Tut’s Tomb is a Pyramid Solitaire variant that adds a rectangular border of cards around the standard seven-row pyramid. Where standard Pyramid has 28 cards in the pyramid and 24 in the stock, Tut’s Tomb deals additional cards into a surrounding ring, making more cards immediately visible but also requiring those border cards to be cleared for a full win. The draw mechanic uses three cards at a time (draw-three) rather than the standard one-at-a-time stock cycling.
How the draw-three mechanic changes strategy
Standard Pyramid deals one stock card at a time to a single waste pile. Tut’s Tomb deals three cards simultaneously, showing three waste tops at once. This is similar to Apophis’s three-lane structure — you have more partner choices per turn, but you advance through the stock faster and have less control over the order cards become available.
When three waste cards are showing, always check for pyramid pairs first before using any waste card. A pyramid-to-pyramid pair removes two blockers and costs nothing from the waste. A pyramid-to-waste pair removes one blocker but cycles one waste lane. Choosing which waste card to spend — when all three could potentially pair with something — requires evaluating which lane’s next card is least useful.

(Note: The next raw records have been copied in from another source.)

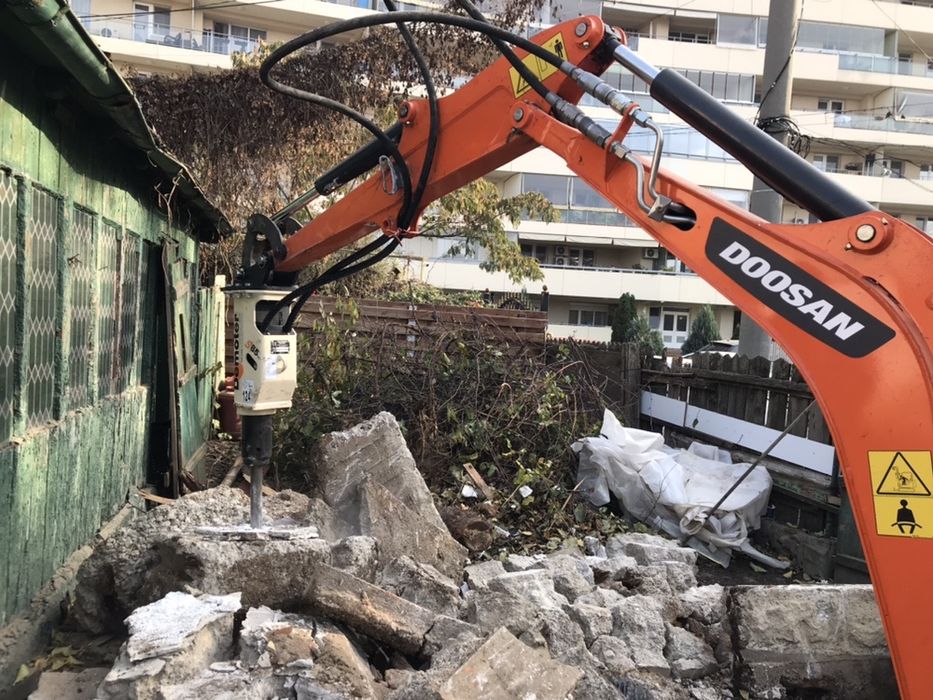 Închiriez miniexcavator E19 NOU cu picon miniescavator excavatoare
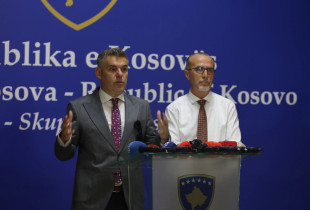 Bekim Haxhiu e Ardian Kastrati - deputetët e PDK-së në konferencë për media
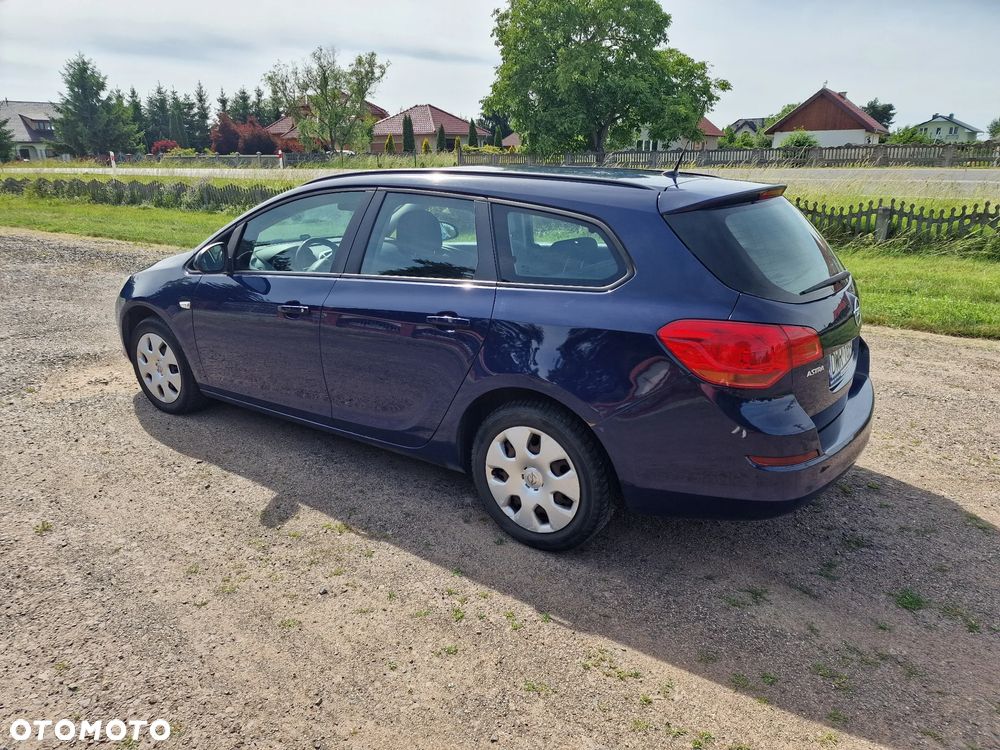 Opel Astra 1.7 CDTI - 12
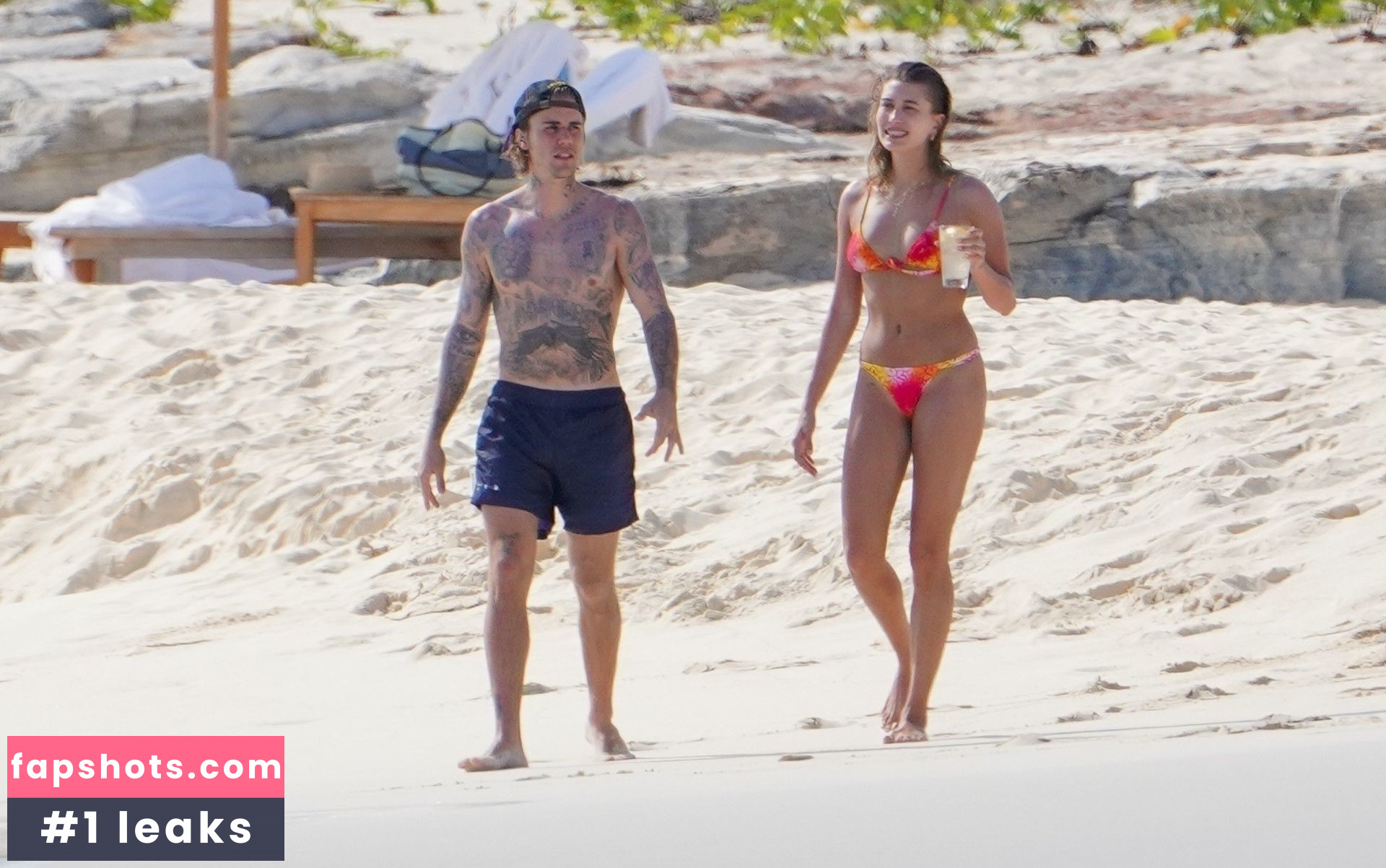 Hailey Baldwin gallery photo #253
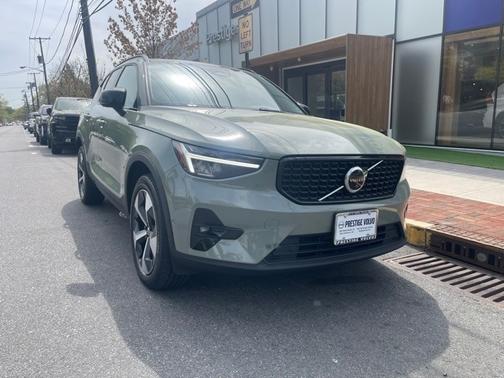 2023 Volvo XC40 B5 AWD Plus Dark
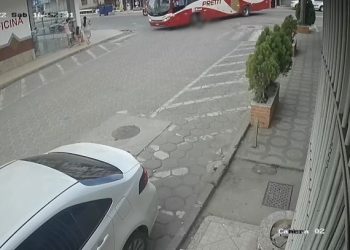 VÍDEO | Idoso é atropelado por ônibus da Viação Pretti em Barra de São Francisco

Read the Tut’s Tomb strategy guide →
Border cards and the win condition
The border ring of cards surrounding the pyramid is fully visible and available from the start. Unlike pyramid cards, border cards are not blocked by other cards — they are all immediately accessible. This means early pairing options are plentiful, but it also means the border must be systematically cleared alongside the pyramid to achieve a full win.
Prioritize border pairs that simultaneously open pyramid rows. A border card paired with a pyramid card clears two blockers; a border card paired with a waste card clears only the border card, leaving the waste lane cycling.